(Saved data entries)
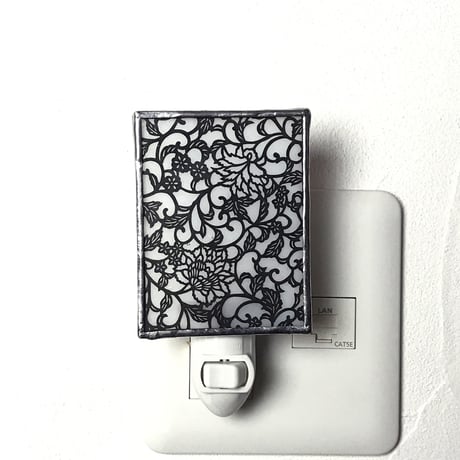伊勢型紙のナイトランプ【アラベスク】BLACK【送料無料　税込】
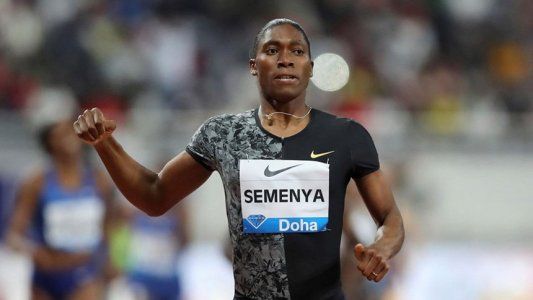 Caster Semenya, la atleta sudafricana obligada a medicarse para competir, respondió al fallo con un categórico triunfo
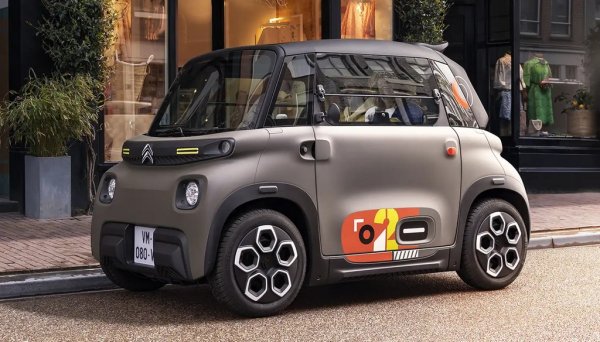 Извън споменатите по-горе модели, в България се предлагат и няколко електрически четириколки, които не се вместват в стандартното изискване на МВР за регистрация като "лек автомобил". Най-достъпната от тях за момента е Citroen Ami, която струва 19,899 лева, но има едва 8 конски сили мощност и максимална скорост от 45 км/ч. Неин близнак е Fiat Topolino. Китайската BAW Pony е с десетина хиляди лева по-скъпа, но поне развива максималната разрешена скорост по първокласните пътища, и изминава около 170 км с едно зареждане. 
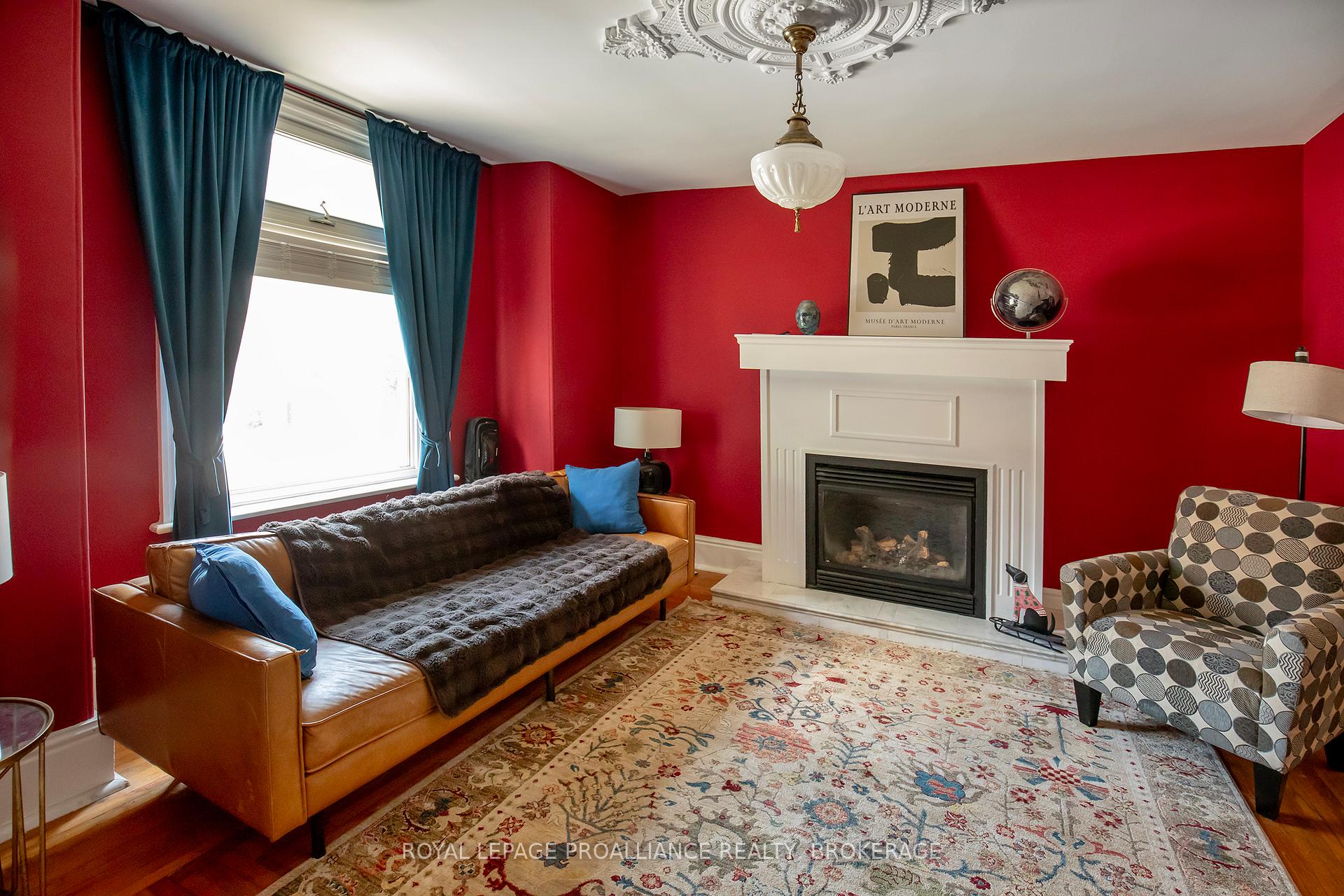 Photo 5 of 300 Sydenham Street, Kingston, East of Sir John A. Blvd — HOMEH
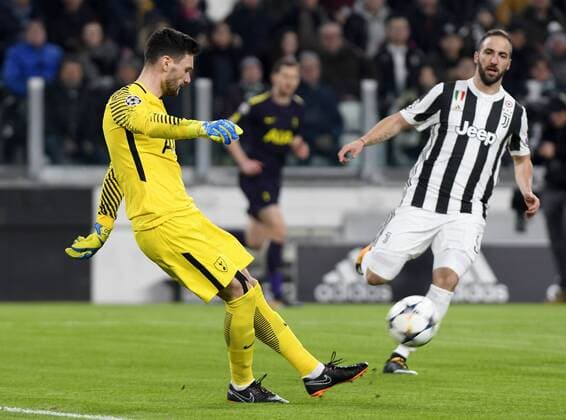 13th February 2018, Allianz Stadium, Turin, Italy; UEFA Champions League football, round of 16, first leg, Juventus versus Tottenham Hotspur; Hugo Lloris kicks the ball as Gonzalo Higuain approaches  ActionPlus11986664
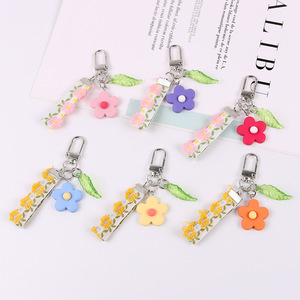 Fresco y simple HyunA INS estilo colorido ducha acrílico Hoja Verde pequeña flor llavero colgante para bolsos - Product Image 1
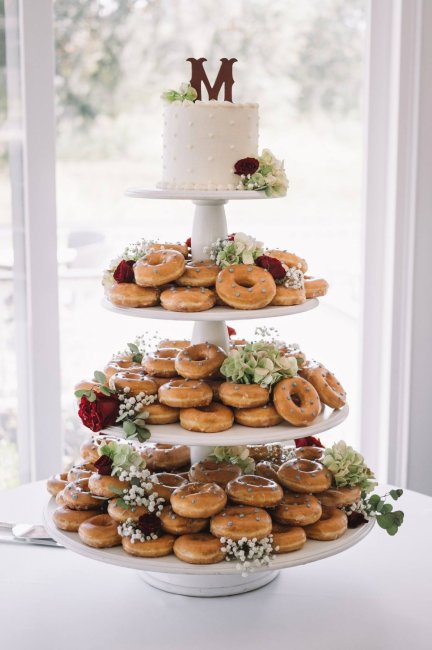 Свадебный торт и пончики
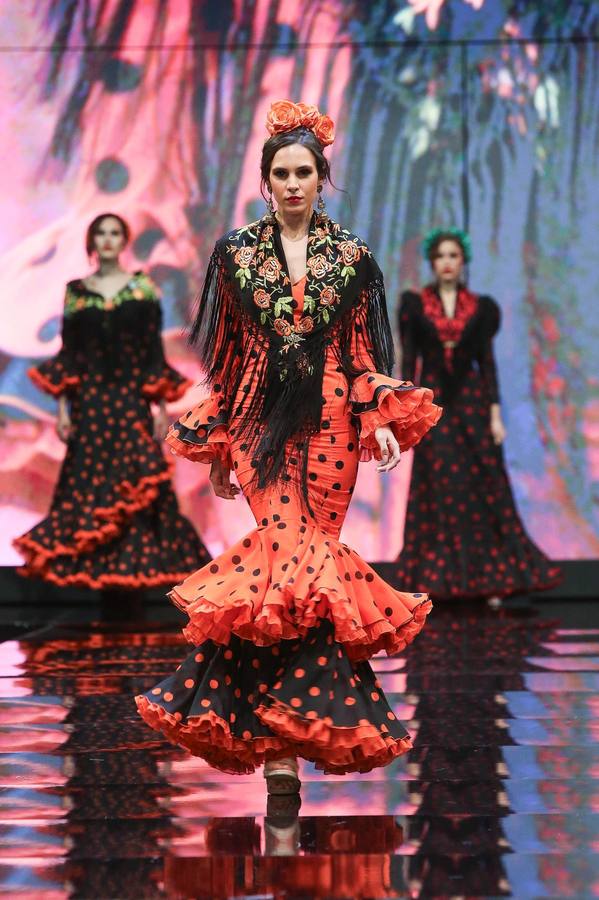 Desfile de Diseño Hermanas Serrano en SIMOF 2025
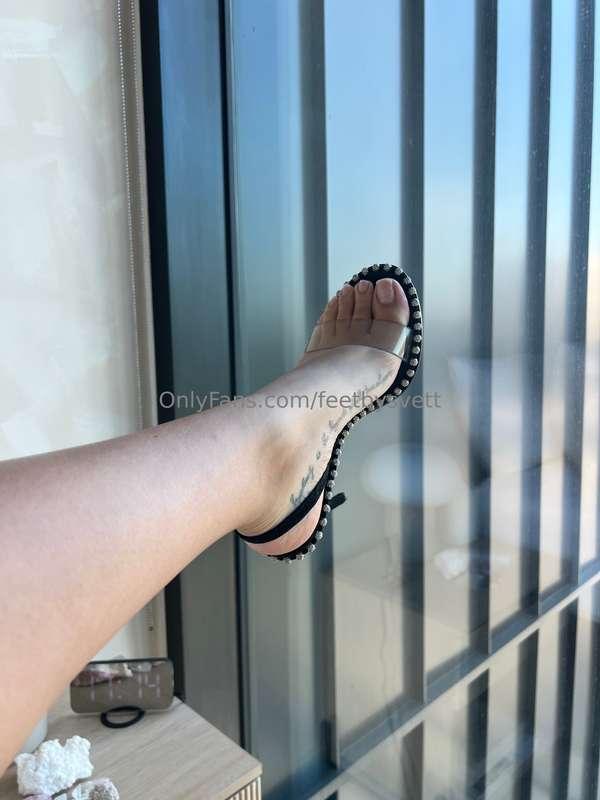 are we loving my natural nails? I’ve been taking a break for..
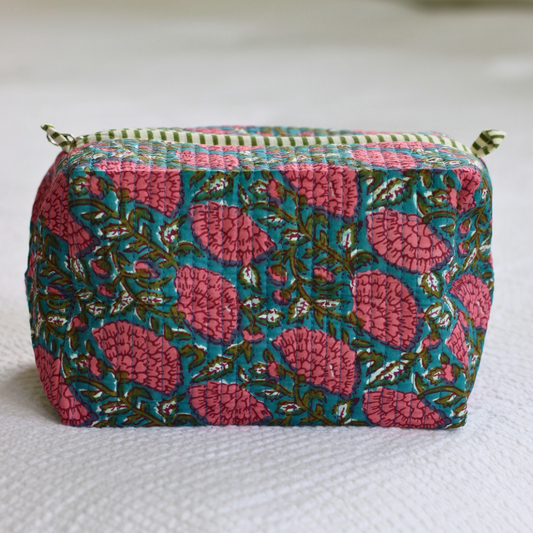 The Willow Travel Pouch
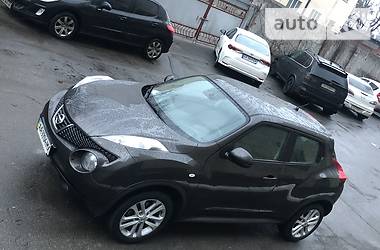 Позашляховик / Кросовер Nissan Juke 2013 в 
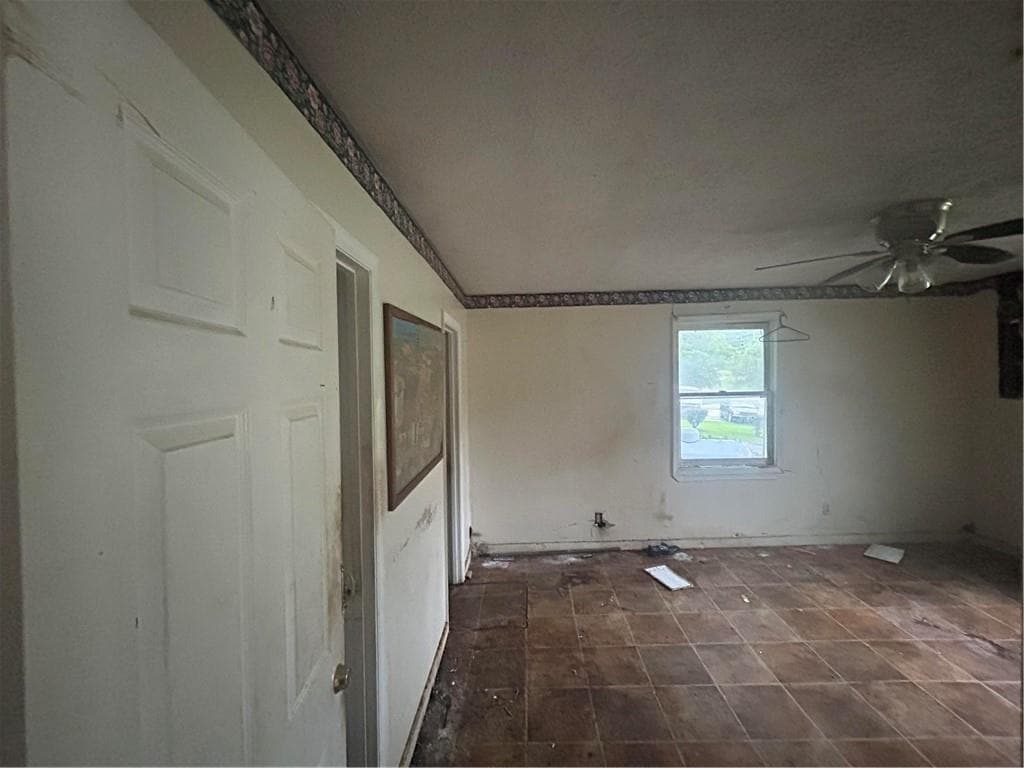 3 bedroom, 1 bathroom, 1,120 sq ft single family residence under contract at 211 W Mulberry Street, LaGrange, GA 30240 — photo 5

• Assignment: Strip the images and reproduce the remaining records precisely.

• Answer box:
伊勢型紙のナイトランプ【アラベスク】BLACK【送料無料　税込】
 Caster Semenya, la atleta sudafricana obligada a medicarse para competir, respondió al fallo con un categórico triunfo
 Извън споменатите по-горе модели, в България се предлагат и няколко електрически четириколки, които не се вместват в стандартното изискване на МВР за регистрация като "лек автомобил". Най-достъпната от тях за момента е Citroen Ami, която струва 19,899 лева, но има едва 8 конски сили мощност и максимална скорост от 45 км/ч. Неин близнак е Fiat Topolino. Китайската BAW Pony е с десетина хиляди лева по-скъпа, но поне развива максималната разрешена скорост по първокласните пътища, и изминава около 170 км с едно зареждане. 
 Photo 5 of 300 Sydenham Street, Kingston, East of Sir John A. Blvd — HOMEH
 13th February 2018, Allianz Stadium, Turin, Italy; UEFA Champions League football, round of 16, first leg, Juventus versus Tottenham Hotspur; Hugo Lloris kicks the ball as Gonzalo Higuain approaches  ActionPlus11986664
 Fresco y simple HyunA INS estilo colorido ducha acrílico Hoja Verde pequeña flor llavero colgante para bolsos - Product Image 1
 Свадебный торт и пончики
 Desfile de Diseño Hermanas Serrano en SIMOF 2025
 are we loving my natural nails? I’ve been taking a break for..
 The Willow Travel Pouch
 Позашляховик / Кросовер Nissan Juke 2013 в 
 3 bedroom, 1 bathroom, 1,120 sq ft single family residence under contract at 211 W Mulberry Street, LaGrange, GA 30240 — photo 5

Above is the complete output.